Relational contracts and global sourcing
Journal of International Economics, 2016, vol. 101, issue C, 123-147
Relational contracts – informal agreements sustained by the value of future relationships – are integral parts of global production processes. This paper develops a repeated-game model of global sourcing in which final good producers decide whether to engage with their suppliers in relational contracting and whether to integrate a supplier into a firm's boundaries or deal with the latter at arm's-length. The model predicts that the relative prevalence of vertical integration increases in the long-term orientation of the headquarters' and suppliers' managers. It further suggests that the share of a foreign subsidiary owned by a final good producer increases in the headquarters' long-term orientation. Combining industry-level data from the U.S. Census Bureau's Related Party Trade database with measures for long-term orientation from Hofstede et al. (2010) and the World Management Survey, I find empirical evidence supportive of the positive link between the long-term orientation of cooperation parties and the relative prevalence of vertical integration.
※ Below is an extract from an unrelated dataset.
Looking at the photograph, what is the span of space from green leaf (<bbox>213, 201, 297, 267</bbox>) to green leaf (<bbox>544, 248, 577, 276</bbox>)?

Using information on managerial composition of firms and ownership stakes from the Bureau van Dijk's Orbis database, I find that firms led by long-term oriented managers own higher shares of their foreign subsidiaries.
Keywords: Relational contracts; Long-term orientation; International make-or-buy decision (search for similar items in EconPapers)
JEL-codes: D02 D23 F14 F23 L14 L22 (search for similar items in EconPapers)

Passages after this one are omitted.